[Exercise material — start]

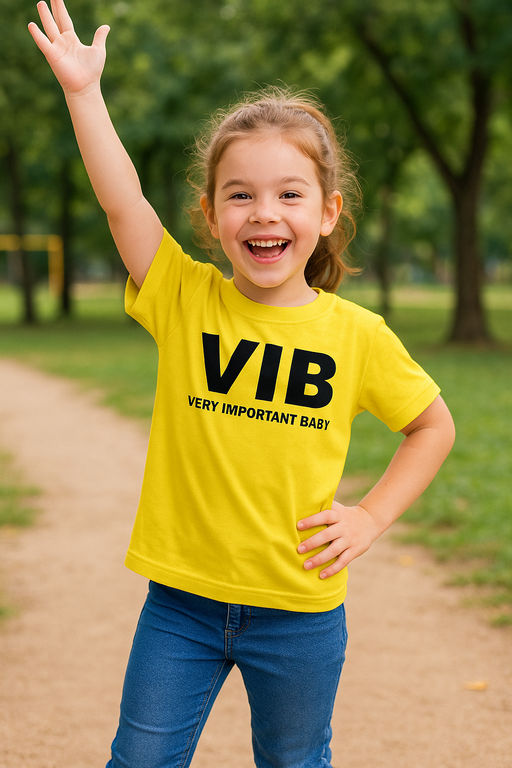 VIB VERY IMPORTANT BABY - Тениска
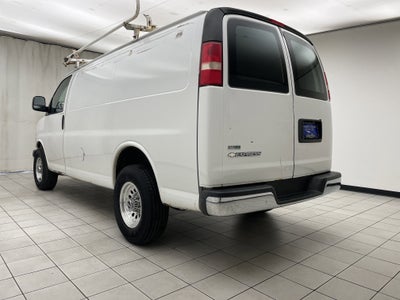 2012 Chevrolet Express Cargo 2500 RWD 2500 135"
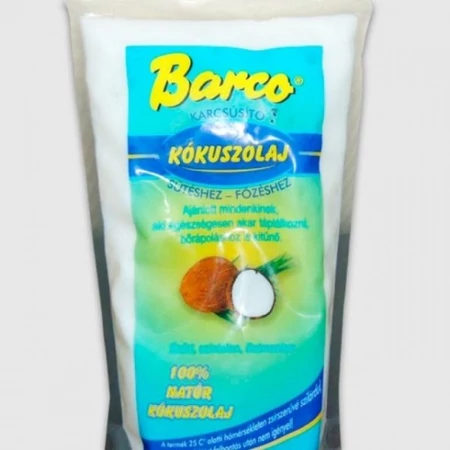 Barco Kókuszolaj 1000ml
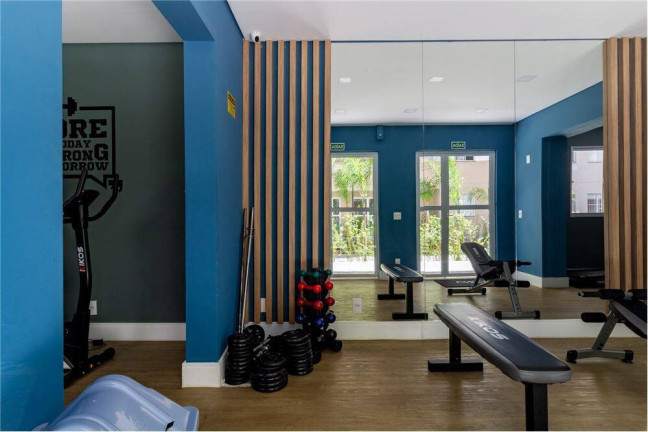 Imagem Apartamento com 2 Quartos à Venda, 40 m² em Penha - São Paulo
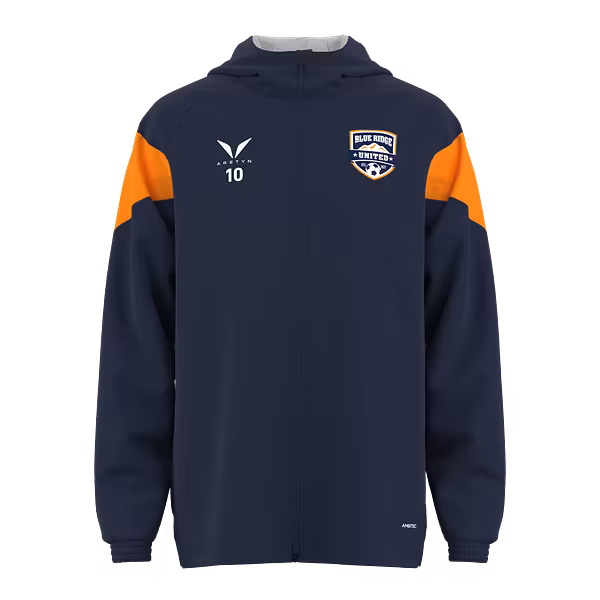 Blue Ridge United Ambition Performance All-Weather Jacket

[Exercise material — finish]

• _Task description_:
Print every record above exactly, with no pictures.

• _Result of this task_:
 VIB VERY IMPORTANT BABY - Тениска
 2012 Chevrolet Express Cargo 2500 RWD 2500 135"
 Barco Kókuszolaj 1000ml
 Imagem Apartamento com 2 Quartos à Venda, 40 m² em Penha - São Paulo
 Blue Ridge United Ambition Performance All-Weather Jacket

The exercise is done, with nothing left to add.